# Welp… This is frustrating and confusing! What the heck is going on??



## Scagfreedom48z+ (Oct 6, 2018)

I have no idea what the heck is going on with my soil. It's literally like flushing money down the toilet. That's basically how it's making me feel. For the last 2 years, I have been applying 2 lbs of SOP and TSP every month during the growing months. 2 years! Calcium, I've applied a crap ton of gypsum so it wouldnt mess with the PH, to increase the calcium since it's low. These are the results from 2021 and 2022, they are pretty much the same! Wth am I doing wrong here? Is it leaching? Is it binding? I received the 2022 results today and it basically felt like digging out the end of the driveway and then having the town plow, throw another 3 ft at your feet. Has anyone seen this result after attempting to rectify their soil issues?


----------



## ABC123 (Jul 14, 2017)

what depth are you taking this soil at?


----------



## Scagfreedom48z+ (Oct 6, 2018)

ABC123 said:


> what depth are you taking this soil at?

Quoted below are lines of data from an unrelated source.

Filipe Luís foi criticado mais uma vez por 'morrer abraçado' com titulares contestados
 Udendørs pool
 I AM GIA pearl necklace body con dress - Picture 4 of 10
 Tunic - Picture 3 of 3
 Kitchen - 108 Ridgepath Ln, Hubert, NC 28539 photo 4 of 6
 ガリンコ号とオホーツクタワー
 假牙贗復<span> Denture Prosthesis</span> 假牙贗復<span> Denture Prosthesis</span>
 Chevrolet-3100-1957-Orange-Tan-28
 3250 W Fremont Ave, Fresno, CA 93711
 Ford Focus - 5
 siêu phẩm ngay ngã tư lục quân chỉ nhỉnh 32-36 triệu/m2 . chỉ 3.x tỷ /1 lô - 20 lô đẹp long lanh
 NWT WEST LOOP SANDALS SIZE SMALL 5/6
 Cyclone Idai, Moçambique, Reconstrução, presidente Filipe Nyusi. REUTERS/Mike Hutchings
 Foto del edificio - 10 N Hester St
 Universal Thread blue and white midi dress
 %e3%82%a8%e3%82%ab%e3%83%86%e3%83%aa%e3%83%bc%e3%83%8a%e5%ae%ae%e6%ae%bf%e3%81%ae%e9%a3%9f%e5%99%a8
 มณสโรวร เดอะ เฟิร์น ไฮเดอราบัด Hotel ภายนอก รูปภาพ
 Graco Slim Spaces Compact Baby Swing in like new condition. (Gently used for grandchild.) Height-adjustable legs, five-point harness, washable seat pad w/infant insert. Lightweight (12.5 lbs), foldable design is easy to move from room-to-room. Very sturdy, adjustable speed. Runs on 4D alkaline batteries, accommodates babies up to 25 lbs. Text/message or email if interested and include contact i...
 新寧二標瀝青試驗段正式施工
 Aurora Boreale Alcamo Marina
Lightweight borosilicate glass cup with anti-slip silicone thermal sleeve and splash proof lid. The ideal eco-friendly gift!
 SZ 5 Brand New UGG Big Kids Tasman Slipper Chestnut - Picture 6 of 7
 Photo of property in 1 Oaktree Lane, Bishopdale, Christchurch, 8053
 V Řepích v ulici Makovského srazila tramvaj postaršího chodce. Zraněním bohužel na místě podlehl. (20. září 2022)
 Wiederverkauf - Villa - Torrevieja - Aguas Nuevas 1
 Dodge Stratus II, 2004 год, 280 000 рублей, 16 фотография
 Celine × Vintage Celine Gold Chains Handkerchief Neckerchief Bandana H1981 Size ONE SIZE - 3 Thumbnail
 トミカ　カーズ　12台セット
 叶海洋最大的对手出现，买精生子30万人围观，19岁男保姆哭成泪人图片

It varies…. It's Mass and most of soil around here is pretty rocky with gravel. There areas, I can get 
3-4" samples and others over 8". But the common ground is in the 3-6 ish range. I just can't get any deeper or I run the chance of denting the mouth of the soil probe.


----------



## Lawn Whisperer (Feb 15, 2021)

I remember this from last year. I had a feeling you were going to get the same results.
I didn't agree with the amount of p and k you were applying, 7lbs of P and K annually. Those were just outrageous amounts.

Are you removing the top part of the soil samples? Or do you include the whole sample including the top few inches? How much thatch is in your soil. Your soil depth samples should be consistent, 0-4" or 0-6" throughout, it's not necessary to go deeper for lawns.


----------



## Scagfreedom48z+ (Oct 6, 2018)

Lawn Whisperer said:


> I remember this from last year. I had a feeling you were going to get the same results.
> I didn't agree with the amount of p and k you were applying, 7lbs of P and K annually. Those were just outrageous amounts.
> 
> Are you removing the top part of the soil samples? Or do you include the whole sample including the top few inches? How much thatch is in your soil. Your soil depth samples should be consistent, 0-4" or 0-6" throughout, it's not necessary to go deeper for lawns.


Yes I remember you chimed in last year. So I've overseeded the last 2 years and have dethatched the last 2 fall seasons to open the canopy. I also mowed lower last fall to reduce the snow mold and winter die off, so the thatch wasn't a big issue. I also removed the top layer of spongy thatch that the detached couldn't get to when I took my samples. The rest of the samples that I got from the probe, I did include.

I agree with you, these numbers just don't add up. I don't know if these numbers are telling the full story and the numbers are actually higher than what the test results are showing but the amount of p&k that I've put down the last couple of years, should have moved up the needle much higher than this. I'm stumped as what I should do this season. Should I keep putting down p,k,c? Frustrating


----------



## ABC123 (Jul 14, 2017)

I'd try another lab just to make sure.


----------



## Scagfreedom48z+ (Oct 6, 2018)

ABC123 said:


> I'd try another lab just to make sure.


Interesting you say that because I was thinking the same. Someone else just recently posted a umass spoil test and it's pretty close in numbers as mine. Coincidence? Maybe but my last 3 year test results don't make much sense. I didn't post 2020's but it was pretty close to being the same, slight changes.


----------



## Ridgerunner (May 16, 2017)

It is extremely important the soil samples be at a consistent depth and in sufficient quantity. For lawns 4" is recommended, but 3" if that's the best you can get will do. Mark your probe for 4" and don't go deeper. If you can't get the probe down to 4", move a few inches and try again. Use only those samples that meet the 4" depth and discard anything that doesn't. Also, you should take at least 6-8 samples for every 3000 sq ft of lawn.


----------



## Scagfreedom48z+ (Oct 6, 2018)

Ridgerunner said:


> It is extremely important the soil samples be at a consistent depth and in sufficient quantity. For lawns 4" is recommended, but 3" if that's the best you can get will do. Mark your probe for 4" and don't go deeper. If you can't get the probe down to 4", move a few inches and try again. Use only those samples that meet the 4" depth and discard anything that doesn't. Also, you should take at least 6-8 samples for every 3000 sq ft of lawn.


I will usually fill a 5 gallon bucket about halfway by the time I'm done taking the samples. I would say that 85% of the soil samples are about the same length every time. Would the other samples that exceed that typical length really throw the numbers off that much?

Also the samples from year to year are almost the same in terms of length and amounts


----------